RUFINO BLANCO FOMBONA
(Scheveningue, Holanda, 1907)

Muy querido Rubén: [...] ¿Quiere que le diga una cosa? ¿Una verdad? Usted dirá que las verdades no tienen nada que hacer con la poesía. Y esta vez, tendrá razón. El hecho es que he sufrido al recibir el libro del portugués sobre usted; pues al frente de la obra lea el divino e infame poema de usted al Águila, que yo no conocía ["Salutación al Águila", de Canto errante, 1907.]
¡Cómo no lo han lapidado a usted, querido Rubén! Le juro que lo merece ¿Cómo? ¿Usted, nuestra gloria, la más alta voz de la raza hispana de América, clamando por la conquista? El dolor que me ha producido esa su Águila siniestra y maravillosa, usted sí, lo comprende, porque usted sí me conoce. Hubo sin embargo un momento, cuando leía, en que la nube se disipó; y creí que usted iba a dar la gran lección de raza que empezó con los versos a Roosevelt [en Cantos de vida y esperanza, 1905], y que ahora interrumpe, traiciona, en vez de continuar. Allí donde dice:

Águila, existe el Cóndor...

creí que usted iba a contarle al Águila cómo el Cóndor fue también testigo, entre los ventisqueros de las más altos cimas de lo tierra, de la muerte y fundación de Imperios, y cómo él vio un día sobre el dorso de los más vastos ríos a Pizarro, con su cruz y su espada, y, sobre el dorso de los más altos montes, a Bolívar con diecisiete banderas en cuyas alas volaban diecisiete sorpresas.
Pero no: usted manda al águila yanki que vuele coma una cruz viviente sobre aquellas naciones; y a la América Latina que reciba la mágica influencia del pájaro de Júpiter para que "se cumpla lo prometido en los destinos terrenos".
¡Oh, fatalista, iluso poeta, deslumbrado par el vuelo de las águilas... de veinte duros! ¡Oh poeta de buena fe descarriada! ¿Por qué canta usted a los yankis, por qué echó margaritas a los puercos?
Afortunadamente de todo hemos de hablar. Por ahora no me resta sino pedirle perdón por esta carta antipática y refistolera. Escribir cartas es cosa que nunca aprenderé. Tant mieux!
[Carta fechada el 3 de agosto de 1907 y recogida en El Archivo de Rubén Darío, de Alberto Ghiraldo (1943). En su respuesta (18 de agosto), también recogida par Ghiraldo, Darío precisa: "¿Saludar nosotros al Águila, sobre todo cuando hacemos cosas diplomáticas...? No tiene nada de particular. Lo cortés no quita lo Cóndor... [...] Por fin, acepto un alón del águila, y lo comeré gustoso -el día que podamos cazarla-; y allí, fíjese bien, anuncio la guerra entre ellos y nosotros."]

ENRIQUE GONZALEZ MARTINEZ
(México, 1911)

Tuércele el cuello al cisne de engañoso plumaje
que da su nota blanca al azul de la fuente;
él pasea su gracia no más, pero no siente
el alma de las cosas ni la voz del paisaje.

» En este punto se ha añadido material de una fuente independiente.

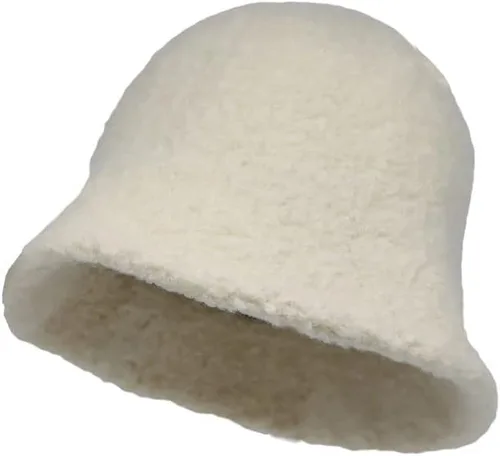 Vista 4 de WITHMOONS Lana Invierno Floppy Short Brim Mujer Cubo Sombrero Cloche Sombrero YZB0132 Beige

Huye de toda forma y de todo lenguaje
que no vayan acordes con el ritmo latente
de la villa profunda... y adora intensamente
la villa, y que la vida comprenda tu homenaje.

Mira el sapiente buho cómo tiende las alas
desde el Olimpo, deja el regazo de Palas
y posa en aquel árbol el vuelo taciturno...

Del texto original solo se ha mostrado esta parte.